Fig. 2-1 Metal transfer (schematic), voltage Us and current Is during shorting of welding arc

During repeated firing of the welding arc, part of the welding pool may evaporate explosively if the increased welding current is not sufficiently damped in the current area. This results in either the creation of spatter or a very low dynamic welding process leading to its instability. When welding thin sheets, e.g. 1 mm (approximate limits), with repeated firing of the welding arc, the welding bath ‘drops’ and holes are formed in the sheet. When welding surface treated sheets, e.g. galvanized, a danger exists that the plated surface near the weld and on the lower side will evaporate (arising from its being burned). This makes arc welding unsuitable for heat sensitive and surface treated sheet metals. Since the 1980s welding has been carried out with the aim of lowering splatter but not heat transfer [1] [2]. Another step on the way was the modified short arc ChopArc [3] and [4], with which MAG welding achieved notable progress, especially in the field of thin sheets of 0.2 - 0.8 mm. An adaptive regulation system was also developed which optimizes the quality of the process in real time [5]. The latest development solves welding with discontinuous mechanical feed of welding wire. This requires Push-Pull drive with an adjustable motor with high dynamics located in the welding nozzle. This process is suitable for automated welding but not for manual work. 2.2 Arc modification - joining with low heat input The reason for developing welding process using arc modification was to achieve a low energy process without mechanical impact on the feed of the welding wire (vwire speed = const.). The electrical power of the welding process with repeated firing of the electric arc is a deciding factor for the successful welding of thin metal sheets. This is shown actively throughout the whole process - fig. 2-2.

Fig. 2-2 Metal transfer, voltage Us and current Is

2.3 Metallurgical weldability of welded joints between steel and aluminium When welding galvanized steel sheet and aluminium sheet it is essential to take into account their specific properties. It is important to consider their differing physical and chemical properties, e.g. thermal expansion coefficient, corrosivity, and also atomic properties, e.g. crystal lattice and lattice constant. Heat transfer during welding causes changes in the crystal lattice and leads to the creation of an intermetallic phase (IMF) – fig. 2-3 [6].
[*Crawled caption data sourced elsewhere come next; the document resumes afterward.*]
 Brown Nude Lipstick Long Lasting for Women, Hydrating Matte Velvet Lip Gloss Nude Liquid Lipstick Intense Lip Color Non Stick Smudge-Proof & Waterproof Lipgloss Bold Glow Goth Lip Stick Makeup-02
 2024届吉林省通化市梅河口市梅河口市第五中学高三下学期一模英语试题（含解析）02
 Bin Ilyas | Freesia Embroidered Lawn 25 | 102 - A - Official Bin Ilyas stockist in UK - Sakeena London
Fig. 2-3 Phase diagram Al – Fe [6]

A notable problem is posed by the thickness (generally volume) of the intermetallic phase, which is dependent on the amount of heat transferred during welding. Therefore until now all tested welding technology for heterogeneous materials has concentrated on how to limit this phase or completely remove it. The intermetallic phase is a diffusion controlled process. To create a welded joint between steel and aluminium, the steel sheet must have guaranteed wettability. This requirement is met by the surface being galvanized. The creation of the intermetallic phase is shown in fig. 2-4.

Fig. 2-4 Origin of intermetallic phase (IMF) a)Formation of locally saturated solid solution in surrounding imperfection

b)Formation of nucleus of new phase c)Horizontal growth of IMF nucleus along the join between steel and aluminium

d)Formation of second IMF and further growth of first IMF e);f) Growth of second phase IMF

According to Rjabow’s model [7] at normal surrounding temperatures Fe-Al on the side of the steel phase η - Fe2Al5 and on the side of the aluminium phase Θ - FeAl3 can be found on the constitutional diagram. Comparison with the other intermetallic shows that these two phases exhibit the worst useable properties. Phaseη ,which has an extremely high value of microhardness (up to 1100HV), has a markedly negative effect. It must also be remembered that the differing physical and chemical properties of steel and aluminium bring corrosion problems to welded joints. In the resulting high electrochemical potential difference between the iron and aluminium, which reaches 1.22V, it is important to take into account increased corrosive susceptibility (e.g. intercrystalline corrosion of iron alloy). The potential difference between the zinc coating on the steel sheet and the aluminium alone is 0.899V.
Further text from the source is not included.